4

Show that if $W_1$ and $W_2$ are finite-dimensional subspaces of $V$ , then there exists a natural exact sequence $0 \rightarrow W_1 \cap W_2 \rightarrow W_1 \oplus W_2 \rightarrow W_1 +W_2 \rightarrow 0$ and use it to get a proof of $\dim (W_1 +W_2) = \dim W_1 + \dim W_2 - \dim W_1 \cap W_2$.

Use the 1st isomorphism theorem?

Michael Hardy
  • 1
user4593
  • 451

1 Answers1

6

The sequence has two "$\mapsto$", which I'll call $\Phi_1, \Phi_2$; the first should be the map $v \mapsto (v,v)$ and the second is $(v,w) \mapsto v - w$. That way the image of the first map is precisely the kernel of the second.
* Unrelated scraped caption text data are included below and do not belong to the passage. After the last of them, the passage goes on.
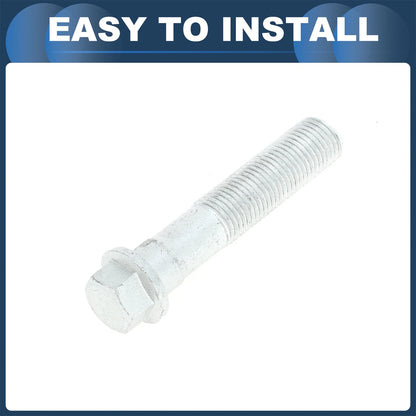 Front Wheel Hub Bolt 4Pcs Silver Tone for CADILLAC DEVILLE (2000 - 2005)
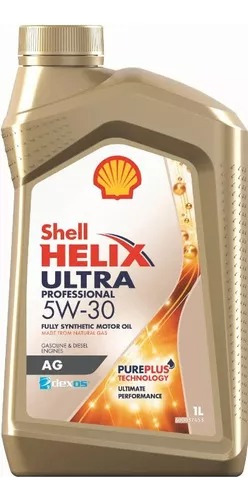 Lubricante Shell Helix Ultra 5w30 Dexos2 Sintetico 1l. L46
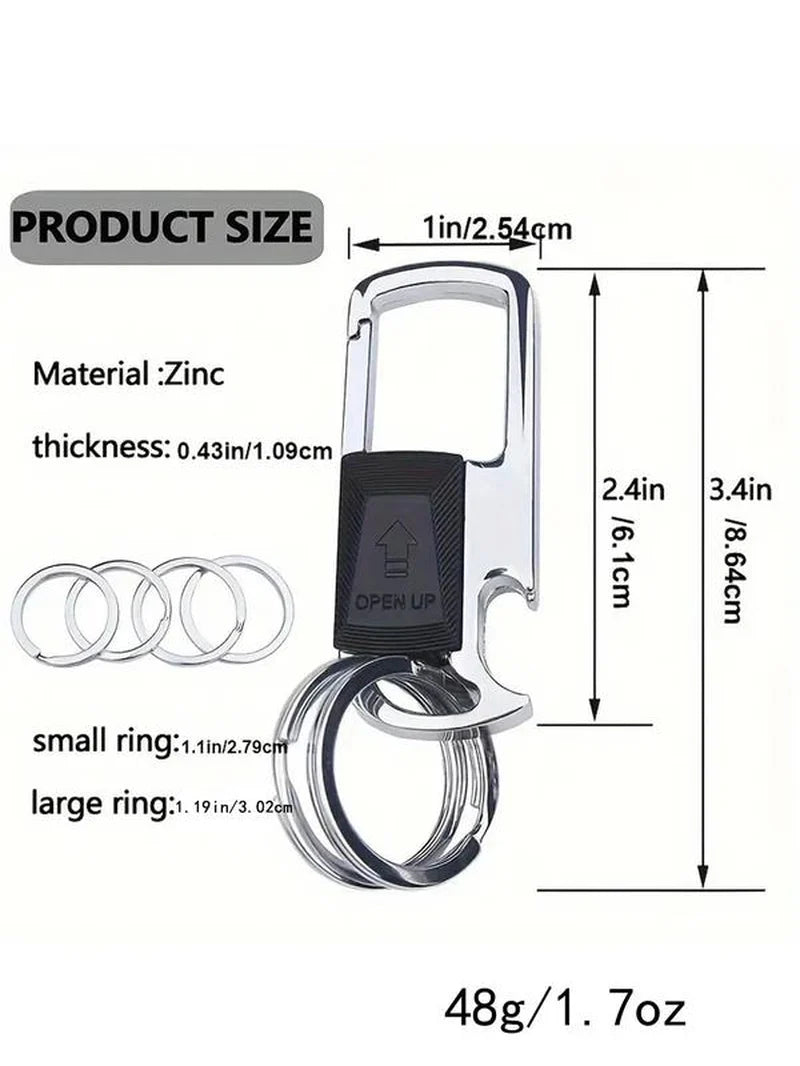 Beer Bottle Opener Metal Keychain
Now use the first isomorphism theorem, which gives an isomorphism $W_1 \oplus W_2/\ker \Phi_2 \mapsto W_1 + W_2$. So it suffices to compute the dimension of the domain of this map.
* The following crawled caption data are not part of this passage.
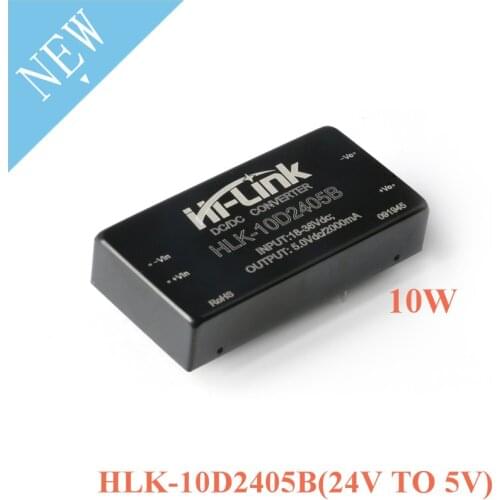 DC-DC Isolated Regulated Power Supply Module 10W DC to DC 5V 2A HLK-10D2405B 24V to 5V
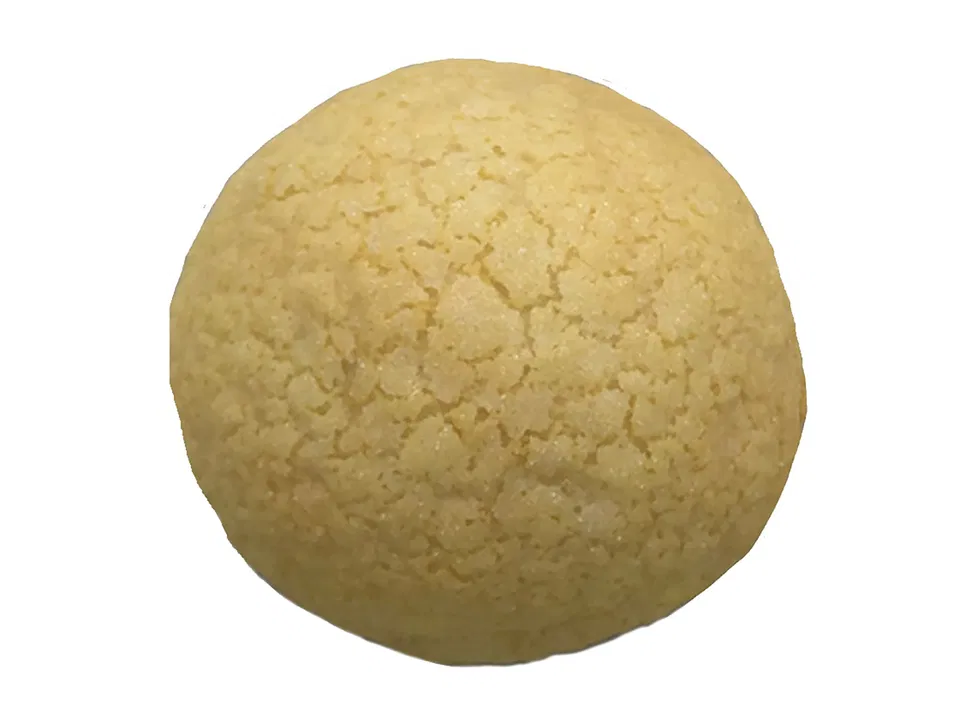 Whipped Cream Melon Pan Made with White Rose Milk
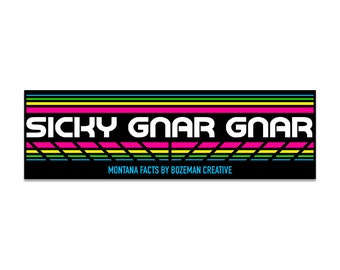 Sicky Gnar Gnar Sticker - Rad Sports Vinyl Decal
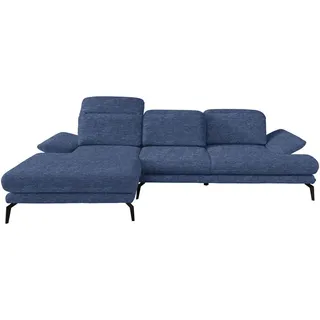 Stylife Ecksofa , Blau , Textil , Ottomane links, L-Form , 289x180 cm , Stoffauswahl, seitenverkehrt erhältlich, Hocker erhältlich , Wohnzimmer, Sofas & Couches, Wohnlandschaften, Ecksofas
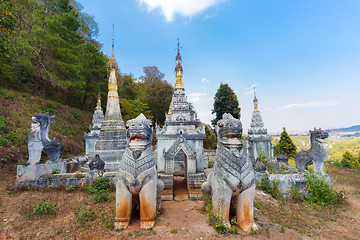 Image showing Ancient buddhist temple, Pindaya, Burma, Myanmar.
But $\ker \Phi_2 = \text{Im } \Phi_1$; the map $\Phi_1$ injects and so the dimension of its image is $\dim W_1 \cap W_2$ and (as you can check) the dimension of a quotient space is equal to the difference of the dimensions (in the finite dimensional case).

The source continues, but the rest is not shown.